Il n’empêche que cet éminent homme politique ainsi que son ministre
de l’Economie de l’époque, Gunes Taner, sont maintenant accusés de
malversations dans le cadre de la cessation au privé de la Türkbank,
vendue dans des conditions douteuses à un homme d’affaires lié au
milieu turc.

Ce genre de scandale, qui suscite une attention particulière en
raison de la notoriété des personnes impliquées, n’est pas rare en
Turquie. Selon un rapport de la chambre de commerce d’Ankara, le
crime organisé est impliqué dans une centaine de secteurs de
l’économie du pays et le marché noir brasse un chiffre annuel de 48
milliards d’euros. Dans le même temps, les faillites bancaires, qui
se sont multipliées ces dernières années, ont coûté cher à l’Etat
qui, pour protéger les déposants, garantit les dépôts et a dépensé
environ 35 milliards d’euros pour assainir le secteur et couvrir les
pertes.

Dès son élection en 2002, le premier ministre Recep Tayyip Erdogan
avait promis de faire de la lutte contre la corruption l’une de ses
priorités. Au début de cette année, à l’occasion d’un autre gros
scandale bancaire, celui de la banque Imar, il avait mis en garde
tous ceux qui refuseraient désormais de respecter les règles.
Mercredi dernier, le Parlement turc lui a apporté son soutien en
décidant, à une très large majorité, d’envoyer Mesut Yimaz et son
ancien ministre Gunes Taner devant la Haute Cour de justice où ils
devront répondre notamment des accusations de corruption et d’abus de
pouvoir. Et s’expliquer sur leurs peu recommandables
fréquentations…

A la veille de cette décision parlementaire qualifiée d’«historique»
par plusieurs journaux turcs, les députés avaient déjà voté en faveur
de la comparution devant la Haute Cour de deux anciens ministres de
l’Energie, Cumhur Ersumer et Zeki Çakan. Ce dernier est accusé
d’avoir trahi les intérêts de l’Etat en réduisant le prix du gaz
naturel exporté, lors d’un contrat passé avec la Russie.

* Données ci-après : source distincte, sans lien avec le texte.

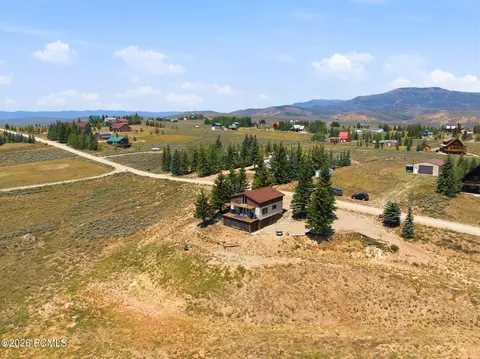 View/Area - 8750 E Soldier Creek Way, Daniel, UT 84032 photo 1 of 22
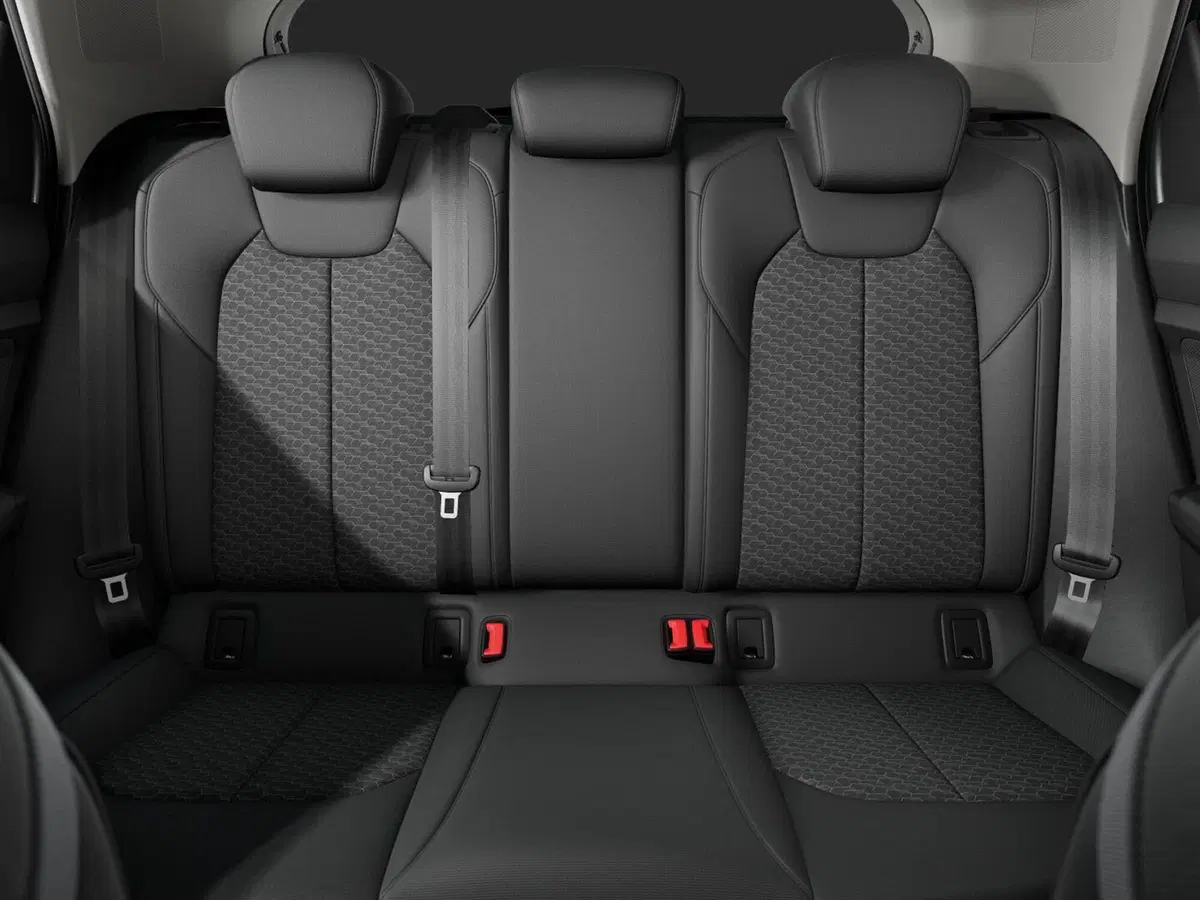 Audi A1 Sportback usata a Asti (10)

Toutes ces mises en accusation ressemblent fort à une opération
«mains propres» en Turquie. Et les nouveaux dirigeants du pays n’ont
pas l’air de vouloir perdre de temps. Dès le lendemain de
l’arrestation d’Alaattin Çakici, le ministre de la Justice, Cemil
Cicek a demandé son extradition «aussi rapide que possible».

La nouvelle harmonisation pénale qui vient définitivement de faire
disparaître la peine de mort de la Constitution turque devrait
faciliter les démarches entre l’Autriche et la Turquie et permettre
que le parrain soit enfin jugé pour tous ses crimes.